--- Problem requirements ---
Any pictures in the records below should be skipped; write out everything else exactly.

--- Input data ---
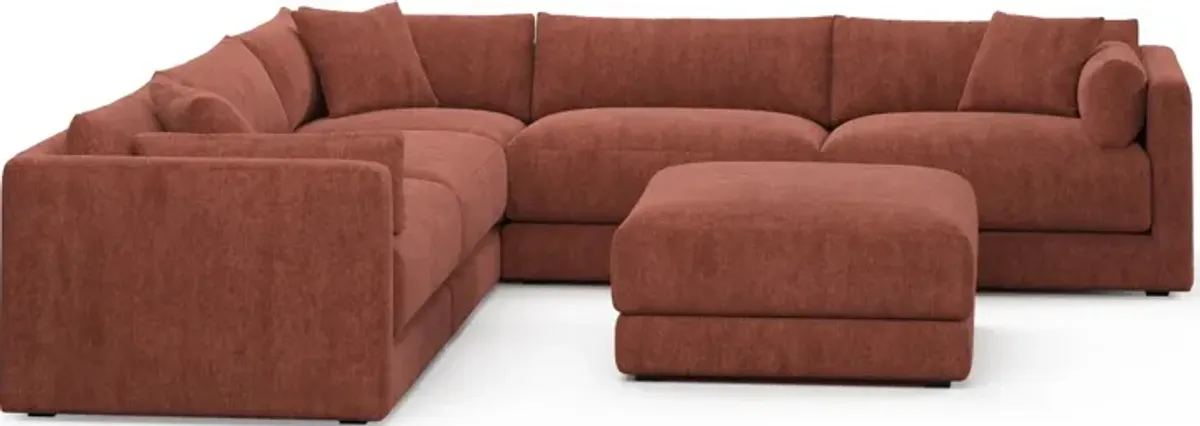 Malibu 5-Piece Sectional and Ottoman - Contessa Paprika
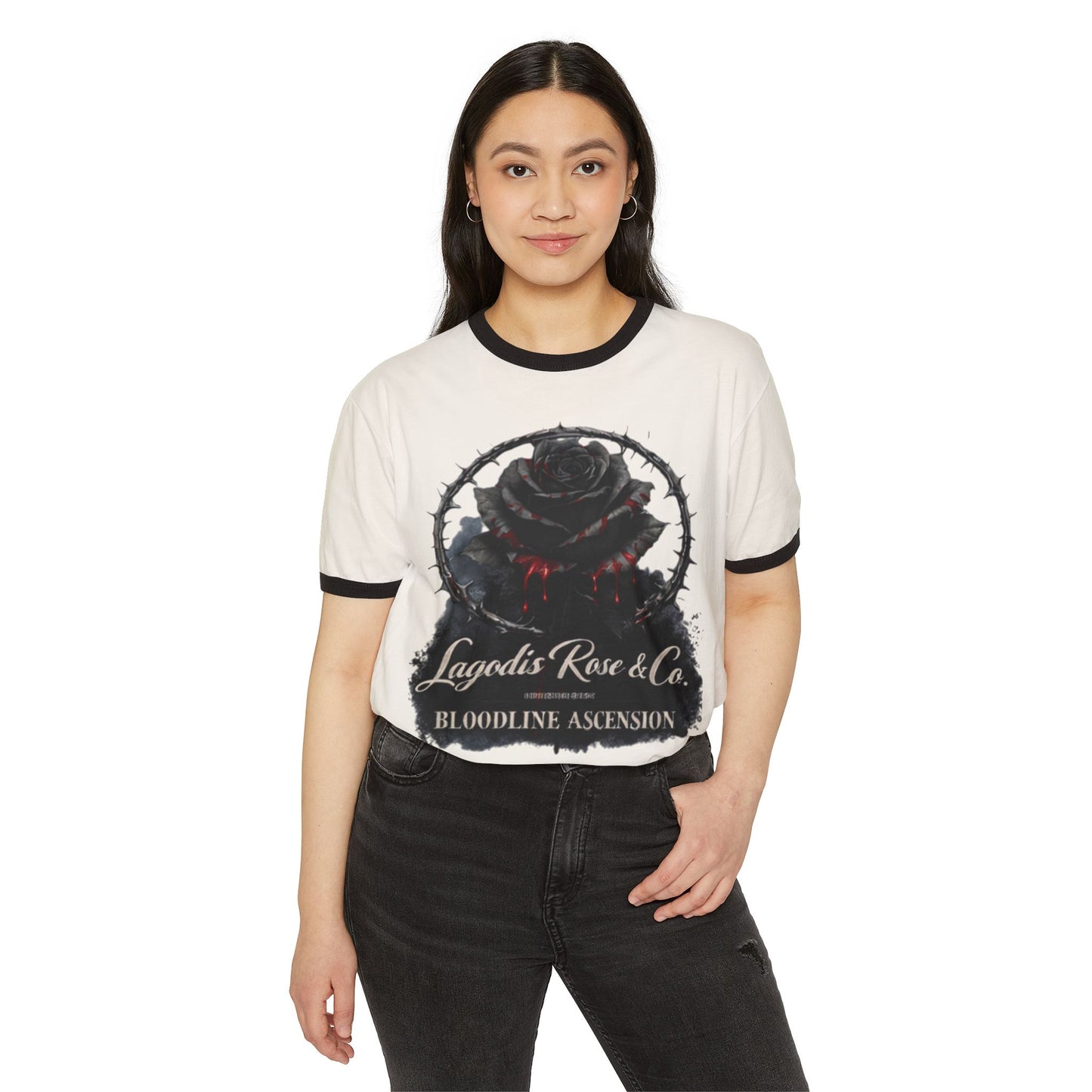 Vintage  Ringer T-Shirt, Retro Graphic Tee, Black/White Aesthetic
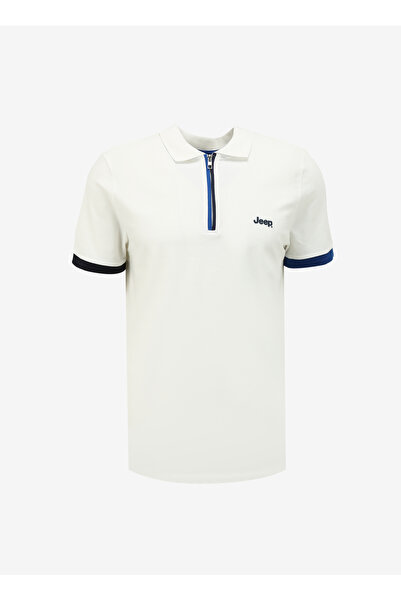 Jeep Beyaz Erkek Polo Yaka Relaxed Polo T-shirt J4sm-tst7233
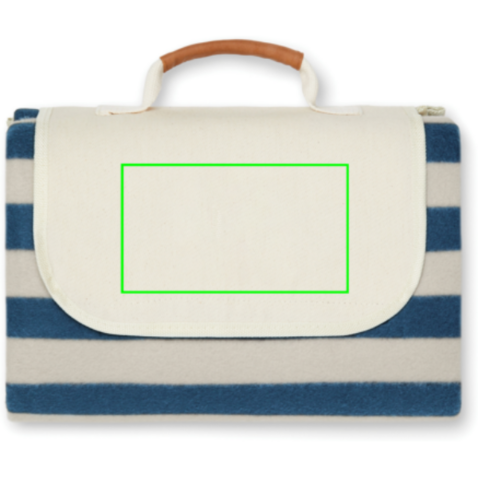 VINGA Alba große GRS rPET Picknickdecke navy blau bedrucken, Art.-Nr. V4590005
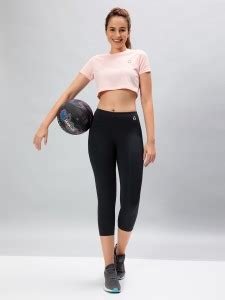 TECHNOSPORT Solid Women Black Tights - Buy TECHNOSPORT Solid Women ...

--- Output below ---
 Malibu 5-Piece Sectional and Ottoman - Contessa Paprika
 Vintage  Ringer T-Shirt, Retro Graphic Tee, Black/White Aesthetic
 Jeep Beyaz Erkek Polo Yaka Relaxed Polo T-shirt J4sm-tst7233
 VINGA Alba große GRS rPET Picknickdecke navy blau bedrucken, Art.-Nr. V4590005
 TECHNOSPORT Solid Women Black Tights - Buy TECHNOSPORT Solid Women ...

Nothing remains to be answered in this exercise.